Christopher Sharples is a founding principal of SHoP Architects with more than 30 years of industry leadership bringing his singular vision of innovation to design and master planning in complex urban contexts. Sharples has led many of SHoP’s most inventive and trendsetting projects, including SITE Santa Fe, the Botswana Innovation Hub, the National Veterans Resource Center at Syracuse University, the Essex Crossing master plan in New York, the Uber Headquarters in San Francisco, Brooklyn’s Barclays Center arena, and several embassies through a design excellence contract with the U.S. Department of State. For decades, Sharples’ priority has been in advancing process innovation centered on the development of innovative workflows, the broader adoption of model-based delivery practices, advancing the applications of cutting-edge manufacturing, and facilitating increased use of offsite construction techniques. In 2018, Sharples cofounded Assembly OSM, incubated at SHoP and currently delivering world-class architecture through an advanced, proprietary digital design, manufacturing and assembly process that reduces waste, pollution and the considerable strain on-site construction can have on dense, urban communities. Sharples has taught, lectured, exhibited and been published frequently and internationally.

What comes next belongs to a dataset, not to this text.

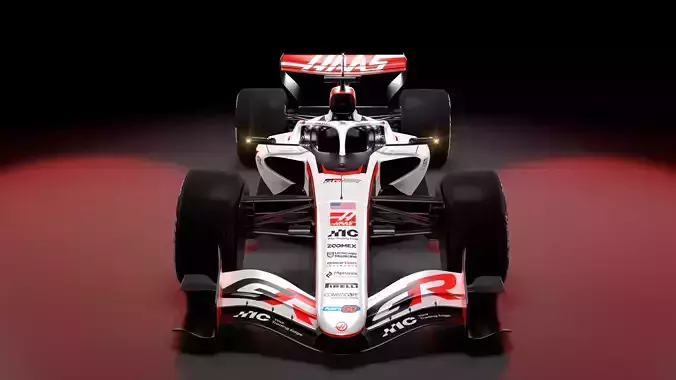 2026 HAAS F1 Showcar plus Photoshop files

Darin Reynolds is a partner at COOKFOX Architects, joining the studio in 2006. He has led a diverse range of projects, from workplaces and high-end single-family homes to urban affordable and supportive housing. Reynolds’s past work includes multiple high-performance supportive housing developments like Betances Residences, which won the 2023 SARA NY Award of Excellence. Most recently, Reynolds served as Project Architect for two wellness-focused high-performance buildings at Water Street Tampa, helping the new development become the first WELL-Certified Community in North America. Reynolds is currently spearheading the design of Terminal Warehouse, a new commercial workplace project on the far west side of Manhattan that will transform a historic storage warehouse into biophilic and energy efficient office space. Other projects of his include a single-family home on Long Island’s East End and Salem Harbor Station, a power plant in Salem, MA. Reynolds speaks regularly on topics of sustainability and high-performance envelope design. He has presented at Brick & Wonder, the Facades + Conference, and the AIANY Interiors Committee Panel. Reynolds believes that architecture is the product of many hands. At COOKFOX, he strives to work as part of a team that understands the building process as well as the social and environmental impacts a project will have.